Gold is tracking steadily upward as the prospect of the Federal Reserve having to end its aggressive interest rate hikes earlier than previously expected has eased the pressure on the precious metal.
Gold’s gains so far this week have been steady rather than spectacular as while expectations are increasing that November may be the Fed’s last large rate hike, the reality remains that interest rates will continue rising in the short-term.
Given gold’s lack of yield, the environment of rising rates makes other interest-paying assets more attractive and provides a firm ceiling on how high gold can climb.

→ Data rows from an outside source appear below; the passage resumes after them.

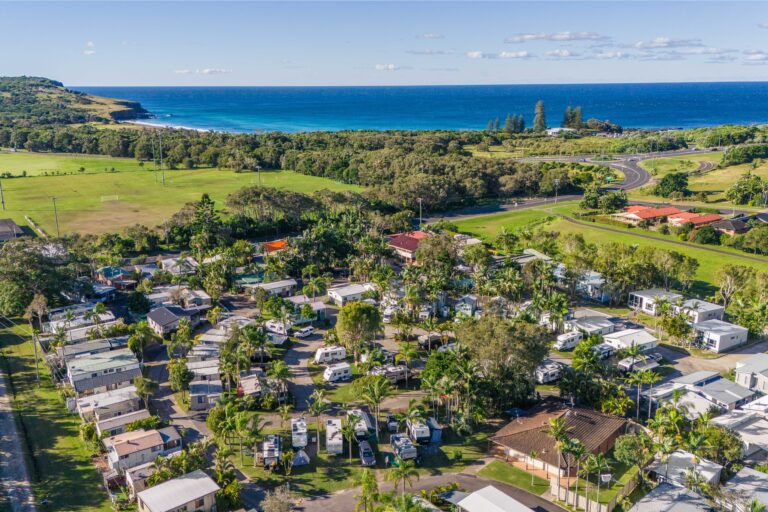 A coastal caravan park in Ballina with numerous RVs and cabins surrounded by lush greenery. A curving road and a few buildings are visible, with the ocean and a distant headland in the background under a clear blue sky.
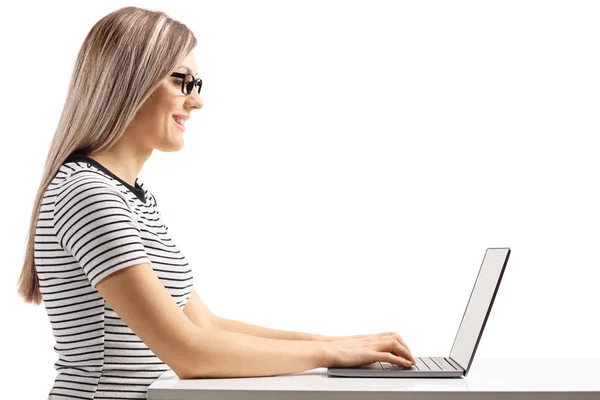 白い背景に隔離されたラップトップコンピュータに座って作業している若いブロンドの女性のプロフィールショット — ストック写真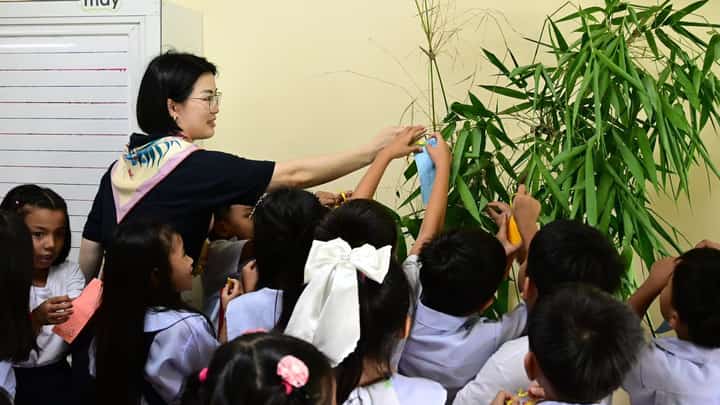 Wishes hung from bamboo. Beside it stood six new classrooms built to replace a school worn down by time.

Tomorrow’s interest rate decision for the European Central Bank allied to the latest inflation data from the eurozone’s largest economies on Friday will provide a clearer picture of how the continent is faring as central banks balance the need to bring inflation under control without tipping their economies into a long recession.
The expectation is that inflation will keep on climbing while growth will be slowing, illustrating the scale of the challenge the ECB faces and helps explain the reluctance for the Fed to continue with its aggressive hikes any longer than is necessary.
So while gold has benefited from this potential easing in the Fed’s hike trajectory, at this point the move has been based on sentiment rather than fact with the November and December interest rate moves, allied to the minutes accompanying those decisions, crucial in determining gold’s medium-term outlook.